Fist off, Tarzan is not exactly a good movie. Nor is it a tongue in cheek self parody the way Huntsman: The Winter War was (deliberate or not). Tarzan does take itself seriously (sometimes to its own detriment) and tries really hard to be a grown up movie. And in fairness, if you turn your head just so and squint your eyes just enough, you can catch glimpses of its potential. While this movie may be a groaner where you spend a lot of time rolling your eyes you might not be able to help smiling at the same time.

Without a doubt, the best part of the movie is Robbie as Jane. Hardly a damsel in distress, this Jane is defiant and independent. It’s unfortunate that she is still relegated to a supporting player who, despite not being your stereotypical female action lead, still needs rescuing. Considering the strength of Robbie’s spirited performance, it’s a shame director David Yates and the film’s producers didn’t boldly seize the opportunity to make her the lead (now that would have been a real re-imagining) and you can almost see Harley Quinn, the female anti-hero she will be playing in next month’s Suicide Squad, bubbling just beneath the surface. Jackson is effective as the comic relief and the every man that grounds the action next to Tarzan’s seeming superhuman heroics and Skarsgard is better than expected as Clayton/Tarzan, bringing more depth to the role then just long hair and a set of abs.
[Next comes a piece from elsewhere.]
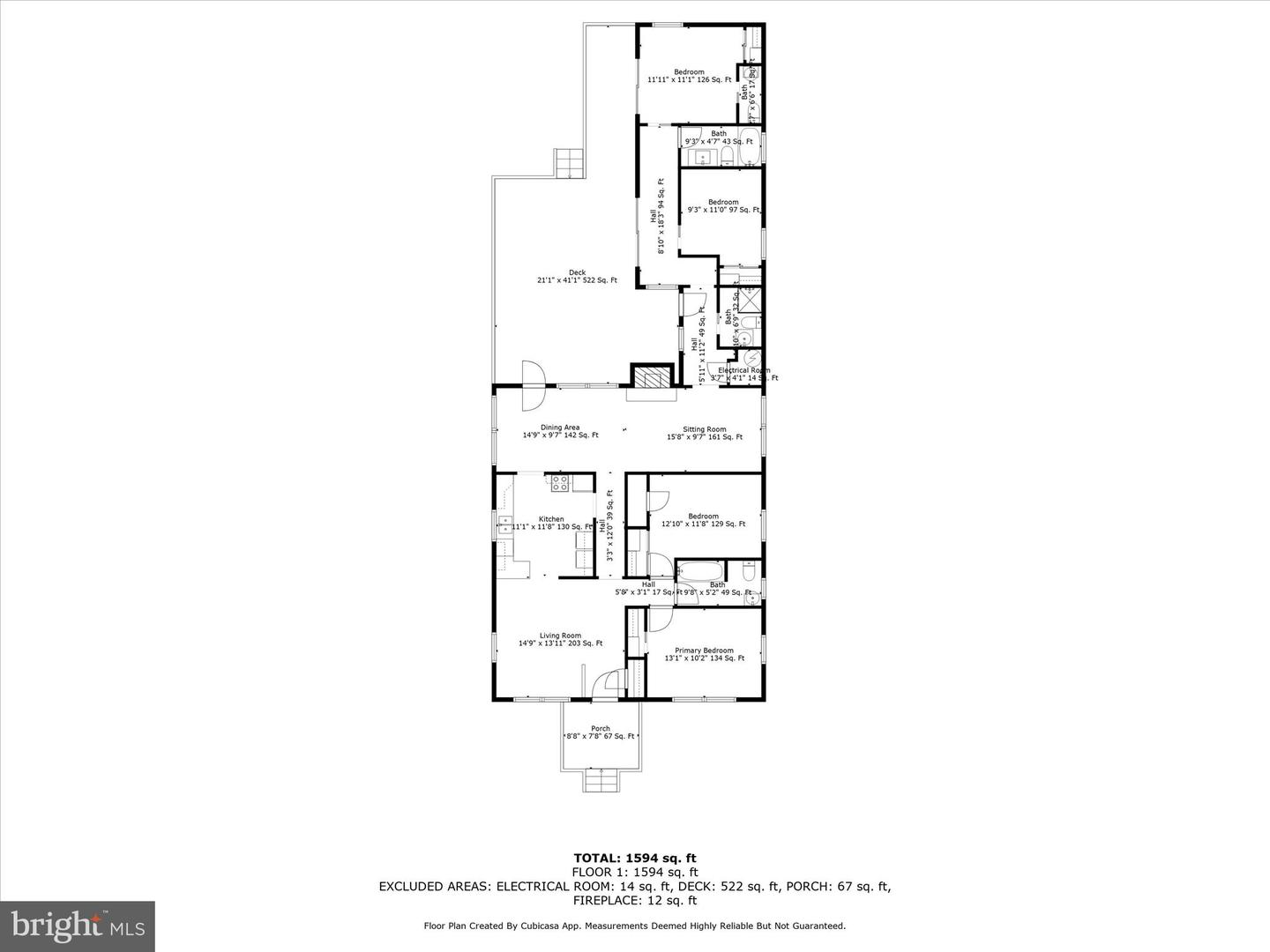 DESU2070520-803370271728-2024-09-19-15-28-39 3 W Farmington St | Fenwick Island, DE Real Estate For Sale | MLS# Desu2070520  - Jack Lingo REALTOR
Waltz does his job as the cold hearted and ruthless Brom, a man who balances human suffering against profit on a spreadsheet. He follows no fanatical ideology, just his single-minded pursuit of wealth and national pride, no matter the human toll, and is a perfect embodiment of unchecked colonial greed and the unimaginable misery that resulted from empire building. Hollywood seems to have run out of ways to use Waltz though. As his debut in Inglorious Basterds proved, he can play a wicked villain, insidious, charming and thoroughly ruthless. Yet his last few roles seem uninterested in exploring his acting mettle. He gets the job done here, but Brom could have been a much deeper, much more malevolent presence. But Yates seems content to settle for barely despicable from one of the most versatile and underrated character actors in Hollywood right now instead of outright chilling villainy. It’s another choice that Tarzan makes that keeps it from exceeding mild mediocrity.

And while the story is pretty straight forward (hoping to minimize mistakes), it isn’t without its potholes. When Tarzan returns to the jungle after an eight-year absence, wandering the streets of London for the better part of a decade, he resumes his vine swinging, tree jumping and cliff diving antics without hesitation or regret. He’s beyond an Olympic level athlete and his physical prowess returns to him without missing a heartbeat. Apparently eight years in cold, rainy London didn’t leave the slightest bit of rust. He encounters animals that are not only are still alive but have powerful memories of him. And seriously, how do people raised in the jungle by apes who then spend their adult lives in Britain, the world capital of bad oral hygiene, have perfect teeth? Even the natives and gorillas have immaculate chompers. Apparently there’s good work to be had or dentists in the jungle.

Tarzan has plenty of warts and it plays it safe, ignoring it’ own possibility in favour of being a mildly amusing little action film. It spends most of its time just trying to stay out of its own way and explore it’s own potential. In fact The Legend of Tarzan is the movie that 2013’s The Lone Ranger could have been; a decent action movie that respects its iconic hero. Tarzan may not be good, but it isn’t horrible and it’s definitely worth checking out on half price Tuesday.